Download train.csv, weather_train.csv, and building_metadata.csv
# base tables
meter = pd.read_csv("train.csv") # meter readings
weather = pd.read_csv("weather_train.csv") # hourly weather
bmeta = pd.read_csv("building_metadata.csv") # static building info
# merge: meter → building metadata
df = meter.merge(bmeta, on="building_id", how="left")\
.merge(weather, on=["site_id", "timestamp"], how="left")
# quick look
print(df.head())
print(df.shape)
Basic cleaning
Why a log target? Energy readings vary over orders of magnitude between a small office and a vast hospital. log1p compresses extremes, helping linear regression fit residuals more evenly.
# convert timestamp df['timestamp'] = pd.to_datetime(df['timestamp']) # drop rows still missing critical weather fields df = df.dropna(subset=['air_temperature', 'cloud_coverage']) # optional: log‑transform meter readings to stabilise variance df['log_meter_reading'] = np.log1p(df['meter_reading'])
Feature engineering
Calendar variables capture daily and seasonal rhythms that dominate demand—think weekday occupancy peaks or summer cooling loads.
# calendar cues
df['hour'] = df['timestamp'].dt.hour
df['dayofweek'] = df['timestamp'].dt.dayofweek # 0‑Mon … 6‑Sun
df['month'] = df['timestamp'].dt.month
# predictor lists
num_cols = ['square_feet', 'air_temperature', 'dew_temperature',
'cloud_coverage', 'precip_depth_1_hr',
'hour', 'dayofweek', 'month']
cat_cols = ['primary_use', 'meter', 'site_id']
target = 'log_meter_reading'
Pre‑processing & model pipeline
- One‑hot encoding turns categorical flags (primary_use, meter type, site) into neutral binary columns so the model can learn a unique offset for each without imposing a false ordering.
- Pipeline design ensures preprocessing and coefficient fitting travel together—vital for repeatable inference and for exporting the model into production jobs.
ohe = OneHotEncoder(handle_unknown='ignore')

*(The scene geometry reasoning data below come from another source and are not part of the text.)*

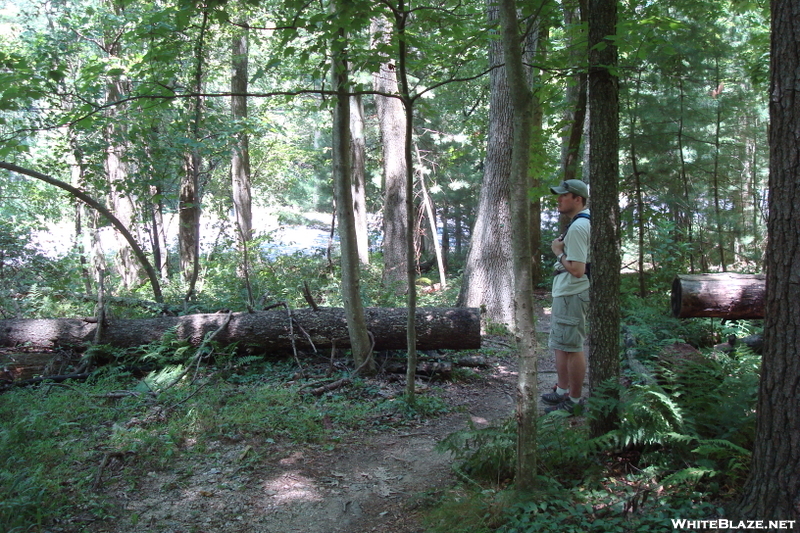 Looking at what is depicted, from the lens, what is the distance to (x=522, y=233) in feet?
10.8

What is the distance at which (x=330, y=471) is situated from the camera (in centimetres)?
455

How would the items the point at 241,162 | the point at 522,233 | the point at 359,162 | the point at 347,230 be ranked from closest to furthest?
the point at 522,233 → the point at 347,230 → the point at 241,162 → the point at 359,162

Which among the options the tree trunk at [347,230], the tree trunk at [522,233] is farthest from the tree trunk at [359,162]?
the tree trunk at [522,233]

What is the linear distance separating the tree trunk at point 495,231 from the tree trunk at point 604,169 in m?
5.19

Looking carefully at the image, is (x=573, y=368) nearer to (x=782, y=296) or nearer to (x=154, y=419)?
(x=782, y=296)

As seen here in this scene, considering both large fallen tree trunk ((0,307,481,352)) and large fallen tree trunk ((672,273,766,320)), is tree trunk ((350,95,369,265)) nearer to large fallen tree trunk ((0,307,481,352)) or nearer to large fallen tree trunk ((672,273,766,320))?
large fallen tree trunk ((0,307,481,352))

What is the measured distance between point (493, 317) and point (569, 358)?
420cm

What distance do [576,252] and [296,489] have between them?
3.27 m

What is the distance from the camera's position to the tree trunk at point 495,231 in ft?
29.9

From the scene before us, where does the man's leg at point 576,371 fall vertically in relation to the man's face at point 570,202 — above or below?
below

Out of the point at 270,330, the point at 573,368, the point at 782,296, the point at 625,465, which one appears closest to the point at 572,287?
the point at 573,368

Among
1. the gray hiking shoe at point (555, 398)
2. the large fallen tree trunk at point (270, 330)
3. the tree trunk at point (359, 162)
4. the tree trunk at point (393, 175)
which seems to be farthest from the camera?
the tree trunk at point (359, 162)

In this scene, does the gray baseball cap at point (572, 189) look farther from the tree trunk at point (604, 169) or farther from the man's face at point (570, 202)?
the tree trunk at point (604, 169)

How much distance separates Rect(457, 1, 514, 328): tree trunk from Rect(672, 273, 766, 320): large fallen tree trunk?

preproc = ColumnTransformer([
('cat', ohe, cat_cols)
], remainder='passthrough') # numeric columns pass through
linreg = LinearRegression(n_jobs=-1)
pipe = Pipeline(steps=[
('prep', preproc),
('model', linreg)
])
Train/test split and training
X = df[num_cols + cat_cols]
y = df[target]
X_train, X_test, y_train, y_test = train_test_split(
X, y, test_size=0.2, random_state=42, shuffle=True)
pipe.fit(X_train, y_train)
Evaluation
Performance metrics – R² shows share of variance explained; MAE (in log scale or kWh) gives planners a tangible forecast error band for safety‑stock electricity contracts.

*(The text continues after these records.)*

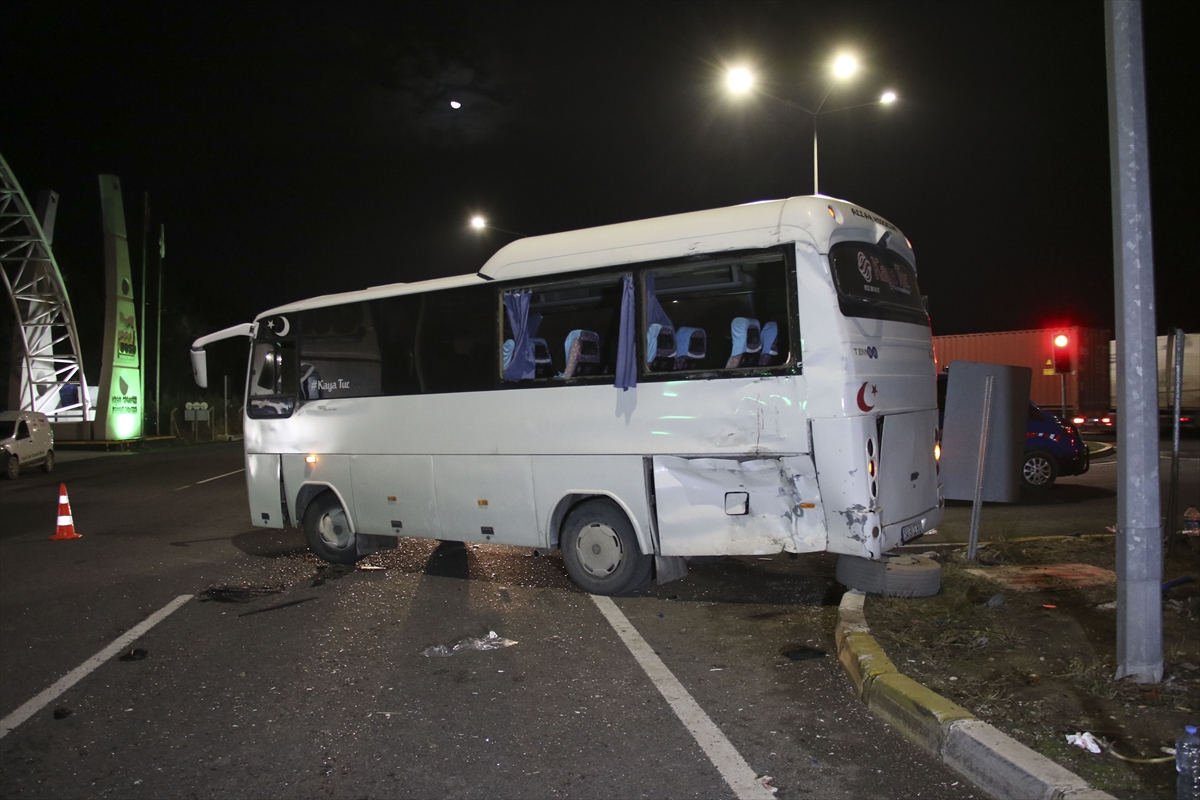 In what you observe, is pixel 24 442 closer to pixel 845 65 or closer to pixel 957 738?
pixel 845 65

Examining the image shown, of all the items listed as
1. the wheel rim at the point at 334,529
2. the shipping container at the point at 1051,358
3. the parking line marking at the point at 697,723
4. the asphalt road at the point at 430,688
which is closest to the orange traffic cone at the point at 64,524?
the asphalt road at the point at 430,688

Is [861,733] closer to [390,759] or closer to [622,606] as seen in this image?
[390,759]

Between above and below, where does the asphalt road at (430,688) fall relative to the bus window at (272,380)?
below

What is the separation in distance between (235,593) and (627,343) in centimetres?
445

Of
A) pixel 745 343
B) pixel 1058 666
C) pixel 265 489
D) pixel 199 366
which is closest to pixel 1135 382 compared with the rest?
pixel 1058 666

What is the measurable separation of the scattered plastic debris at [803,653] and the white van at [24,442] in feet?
76.9

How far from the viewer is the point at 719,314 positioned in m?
7.50

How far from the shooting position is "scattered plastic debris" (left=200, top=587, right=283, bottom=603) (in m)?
8.02

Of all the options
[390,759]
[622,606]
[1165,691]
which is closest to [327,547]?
[622,606]

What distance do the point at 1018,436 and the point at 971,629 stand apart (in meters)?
3.38

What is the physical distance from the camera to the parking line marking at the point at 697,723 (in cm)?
399

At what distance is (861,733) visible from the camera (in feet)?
15.0

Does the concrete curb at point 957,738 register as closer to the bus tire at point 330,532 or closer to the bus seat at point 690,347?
the bus seat at point 690,347

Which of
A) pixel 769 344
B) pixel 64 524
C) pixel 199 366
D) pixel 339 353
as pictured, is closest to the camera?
pixel 769 344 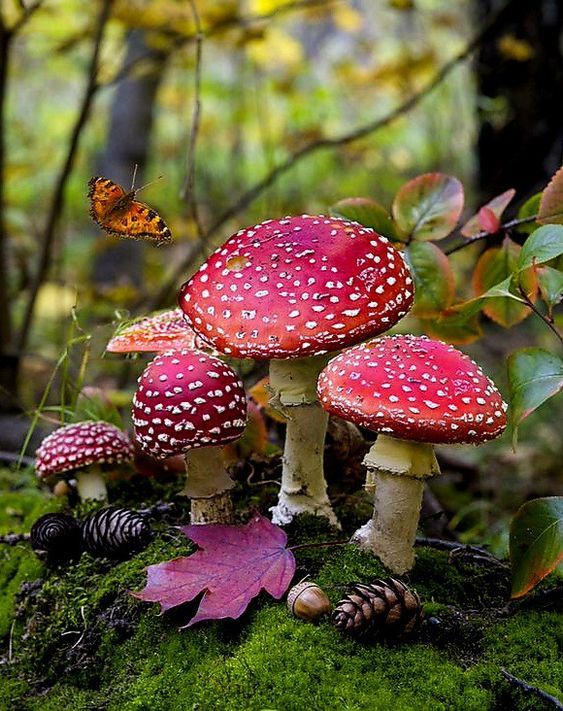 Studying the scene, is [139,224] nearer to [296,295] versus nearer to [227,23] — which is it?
[296,295]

y_pred = pipe.predict(X_test)
print(f"R² : {r2_score(y_test, y_pred):.3f}")
print(f"MAE : {mean_absolute_error(y_test, y_pred):.3f} (log‑scale)")
(If you skipped the log transform, report MAE in kWh instead.)
Inspect top coefficients
Positive values signal features that raise consumption (e.g., larger square_feet, high air_temperature for cooling), while negative values reveal potential savings levers.

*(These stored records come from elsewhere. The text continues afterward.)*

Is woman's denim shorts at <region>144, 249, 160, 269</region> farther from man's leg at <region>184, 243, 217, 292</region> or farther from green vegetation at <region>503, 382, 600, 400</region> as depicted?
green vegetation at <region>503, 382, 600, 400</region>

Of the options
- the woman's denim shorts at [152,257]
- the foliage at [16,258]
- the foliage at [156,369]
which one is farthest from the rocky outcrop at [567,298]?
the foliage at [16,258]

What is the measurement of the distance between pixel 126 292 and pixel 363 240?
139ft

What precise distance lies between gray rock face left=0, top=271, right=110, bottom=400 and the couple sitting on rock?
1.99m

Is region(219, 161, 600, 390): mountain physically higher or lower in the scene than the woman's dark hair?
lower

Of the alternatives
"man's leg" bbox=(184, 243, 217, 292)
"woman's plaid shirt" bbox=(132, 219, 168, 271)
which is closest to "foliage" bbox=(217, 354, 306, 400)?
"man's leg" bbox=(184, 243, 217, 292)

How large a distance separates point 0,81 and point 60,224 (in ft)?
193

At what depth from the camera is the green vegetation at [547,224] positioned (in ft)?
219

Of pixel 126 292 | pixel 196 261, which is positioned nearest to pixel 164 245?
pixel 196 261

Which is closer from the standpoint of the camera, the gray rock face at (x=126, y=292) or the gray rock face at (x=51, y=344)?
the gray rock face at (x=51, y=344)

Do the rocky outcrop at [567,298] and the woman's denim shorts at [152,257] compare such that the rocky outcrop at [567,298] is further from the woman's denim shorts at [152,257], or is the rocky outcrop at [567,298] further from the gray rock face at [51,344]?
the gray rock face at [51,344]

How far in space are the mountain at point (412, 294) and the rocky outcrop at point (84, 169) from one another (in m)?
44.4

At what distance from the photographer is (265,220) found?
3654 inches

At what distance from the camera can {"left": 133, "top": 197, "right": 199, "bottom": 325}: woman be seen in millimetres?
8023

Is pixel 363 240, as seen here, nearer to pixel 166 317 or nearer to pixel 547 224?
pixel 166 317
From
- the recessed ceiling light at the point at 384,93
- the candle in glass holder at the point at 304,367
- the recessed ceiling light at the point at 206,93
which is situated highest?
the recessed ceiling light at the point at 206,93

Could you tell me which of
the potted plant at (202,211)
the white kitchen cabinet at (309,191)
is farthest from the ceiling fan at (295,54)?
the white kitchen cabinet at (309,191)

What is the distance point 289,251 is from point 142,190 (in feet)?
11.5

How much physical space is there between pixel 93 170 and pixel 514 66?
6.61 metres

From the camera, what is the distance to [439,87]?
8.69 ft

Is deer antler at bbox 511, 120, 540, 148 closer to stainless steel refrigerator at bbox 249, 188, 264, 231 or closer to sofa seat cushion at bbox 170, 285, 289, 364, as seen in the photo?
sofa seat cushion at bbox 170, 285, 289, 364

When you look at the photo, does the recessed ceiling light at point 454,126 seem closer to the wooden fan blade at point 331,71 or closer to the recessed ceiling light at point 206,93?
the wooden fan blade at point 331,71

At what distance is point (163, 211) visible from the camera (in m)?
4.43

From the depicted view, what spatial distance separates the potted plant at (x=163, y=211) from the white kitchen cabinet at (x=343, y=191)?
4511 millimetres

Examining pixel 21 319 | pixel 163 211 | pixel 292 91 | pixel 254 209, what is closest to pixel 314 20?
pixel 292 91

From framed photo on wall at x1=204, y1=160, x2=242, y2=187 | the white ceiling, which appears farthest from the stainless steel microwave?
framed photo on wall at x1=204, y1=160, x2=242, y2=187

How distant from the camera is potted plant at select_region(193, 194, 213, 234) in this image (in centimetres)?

# recover the feature names produced by OneHotEncoder
ohe_feats = pipe.named_steps['prep']\
.named_transformers_['cat']\
.get_feature_names_out(cat_cols)
feature_names = list(ohe_feats) + num_cols
coef_series = pd.Series(pipe.named_steps['model'].coef_,
index=feature_names).sort_values()
print("Largest positive drivers:")
print(coef_series.tail(10))
print("\nLargest negative drivers:")
print(coef_series.head(10))
Persist the trained pipeline.
Persisting with joblib freezes both the encoder and the regression weights, guarding against column‑order mix‑ups when scoring tomorrow’s sensor feed.
joblib.dump(pipe, "building_energy_linreg.pkl")
Summary
Starting from raw logs, this exercise walks through a data‑to‑insight pipeline for hourly building energy usage prediction. With minimal cleaning, calendar+weather features, and a linear model, we can already flag the biggest consumption drivers and deliver a same‑day forecast that operations teams can trust. Keep this interpretable baseline as your yardstick; when you graduate to regularised regressors or gradient‑boosted trees, you’ll know exactly how much real value the added complexity contributes.